:: SOURCE RECORDS ::
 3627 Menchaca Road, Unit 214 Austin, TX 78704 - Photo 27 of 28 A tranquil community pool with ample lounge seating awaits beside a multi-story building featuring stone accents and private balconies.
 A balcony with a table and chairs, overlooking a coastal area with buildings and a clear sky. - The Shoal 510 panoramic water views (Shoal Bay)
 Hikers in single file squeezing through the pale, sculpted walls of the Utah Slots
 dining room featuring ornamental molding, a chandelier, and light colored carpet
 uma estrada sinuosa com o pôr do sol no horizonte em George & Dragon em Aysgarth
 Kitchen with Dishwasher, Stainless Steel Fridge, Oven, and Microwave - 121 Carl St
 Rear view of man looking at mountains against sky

--

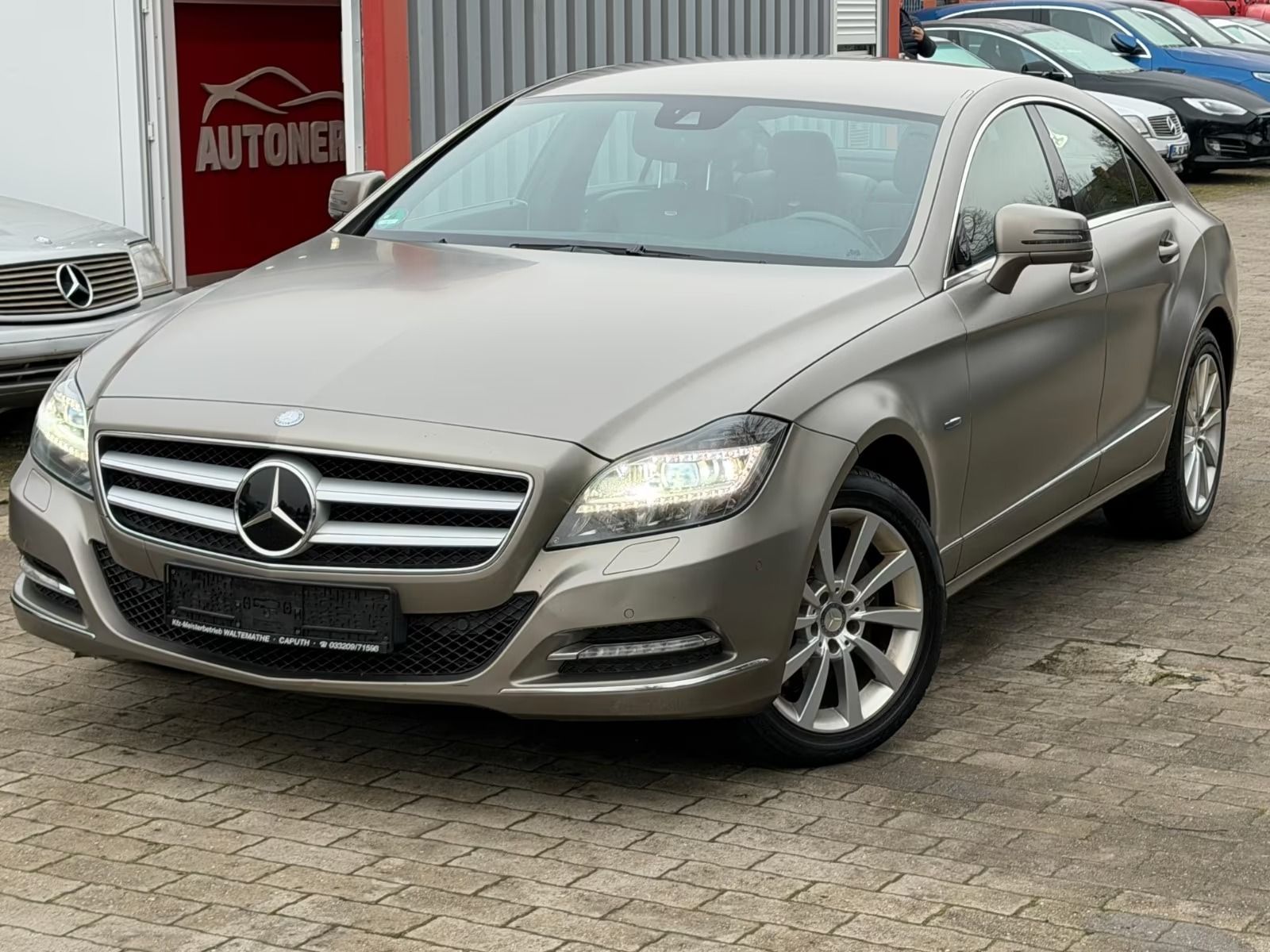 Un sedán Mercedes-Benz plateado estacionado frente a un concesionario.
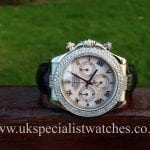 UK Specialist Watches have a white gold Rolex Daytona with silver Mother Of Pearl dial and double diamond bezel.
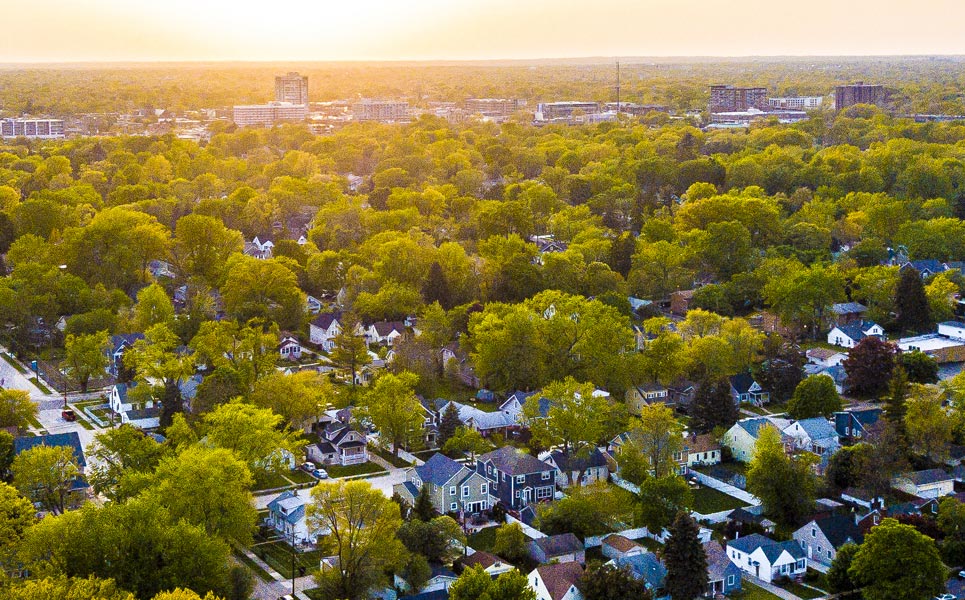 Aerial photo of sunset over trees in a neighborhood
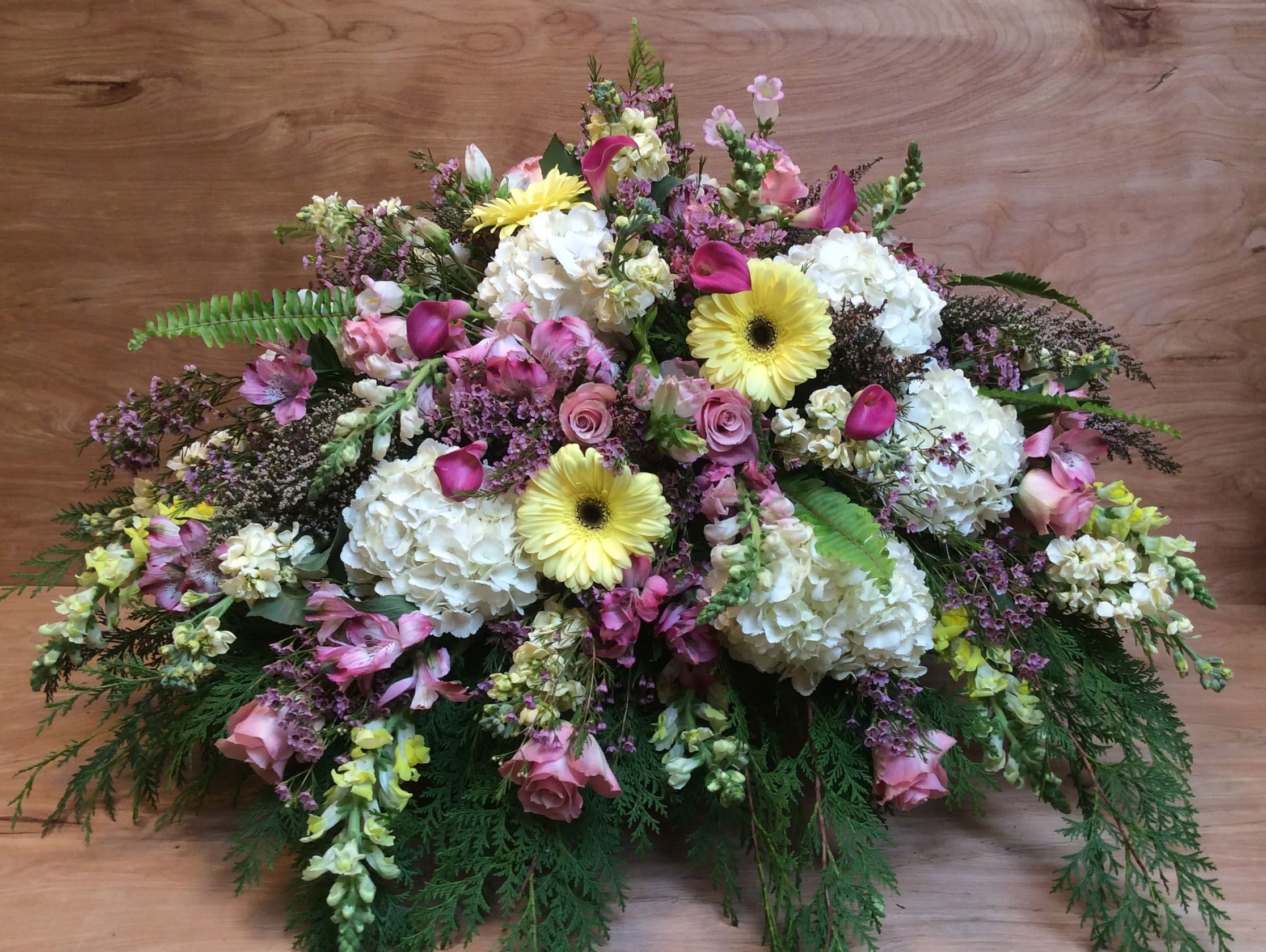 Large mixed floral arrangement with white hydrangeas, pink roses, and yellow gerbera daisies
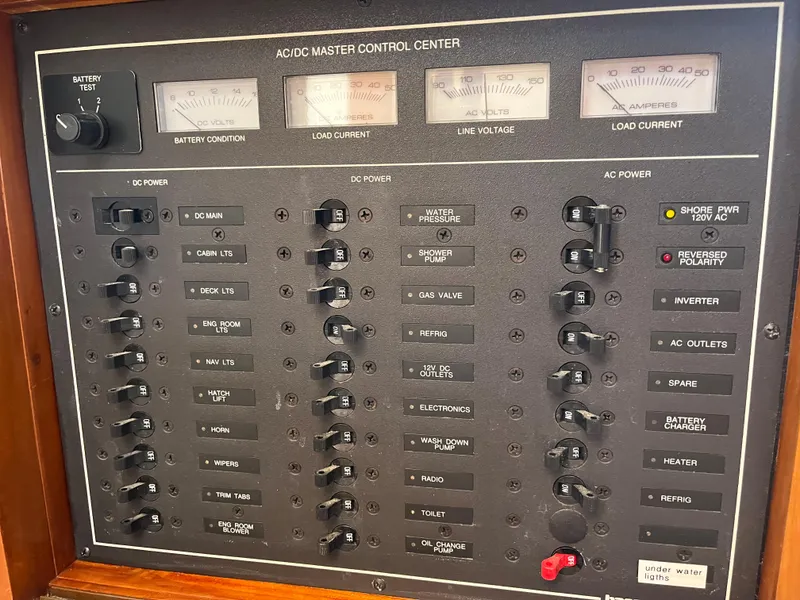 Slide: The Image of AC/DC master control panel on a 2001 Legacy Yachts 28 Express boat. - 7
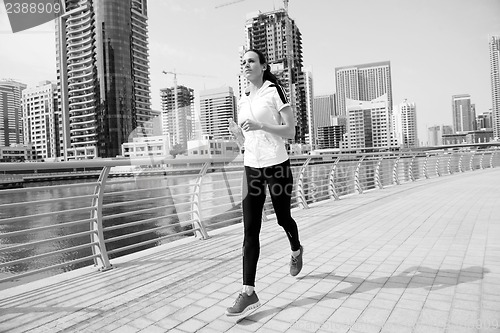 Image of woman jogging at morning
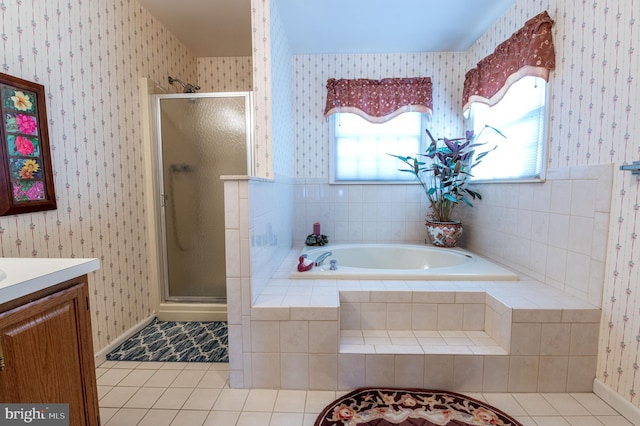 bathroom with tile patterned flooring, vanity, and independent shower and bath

==

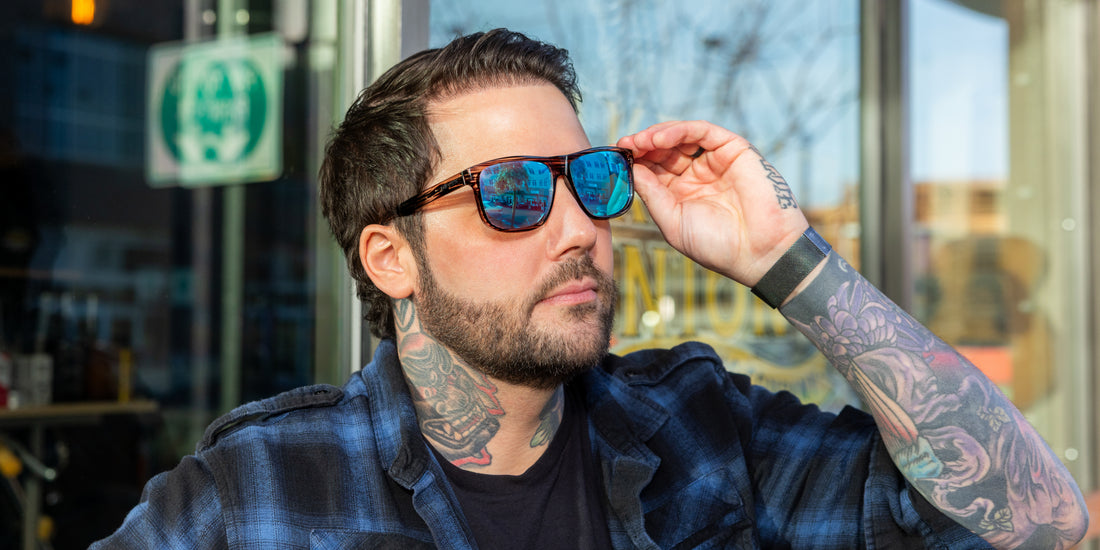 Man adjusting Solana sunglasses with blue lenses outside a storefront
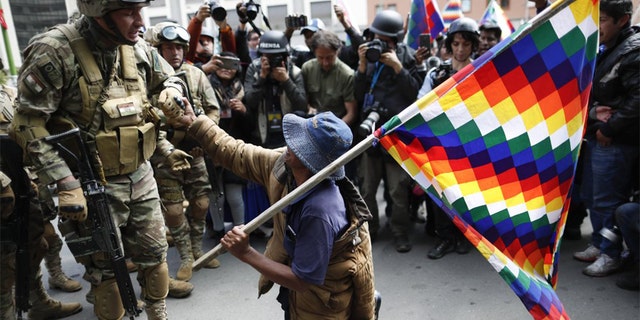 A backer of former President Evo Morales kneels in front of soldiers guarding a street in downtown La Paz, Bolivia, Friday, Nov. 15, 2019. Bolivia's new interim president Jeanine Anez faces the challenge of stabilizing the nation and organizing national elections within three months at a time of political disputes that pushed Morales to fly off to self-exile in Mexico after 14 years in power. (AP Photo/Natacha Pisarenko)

:: TASK BRIEF ::
Would you please return all lines from the listing above that contain "featuring"?

:: ANSWER TO THIS EXERCISE ::
 3627 Menchaca Road, Unit 214 Austin, TX 78704 - Photo 27 of 28 A tranquil community pool with ample lounge seating awaits beside a multi-story building featuring stone accents and private balconies.
 dining room featuring ornamental molding, a chandelier, and light colored carpet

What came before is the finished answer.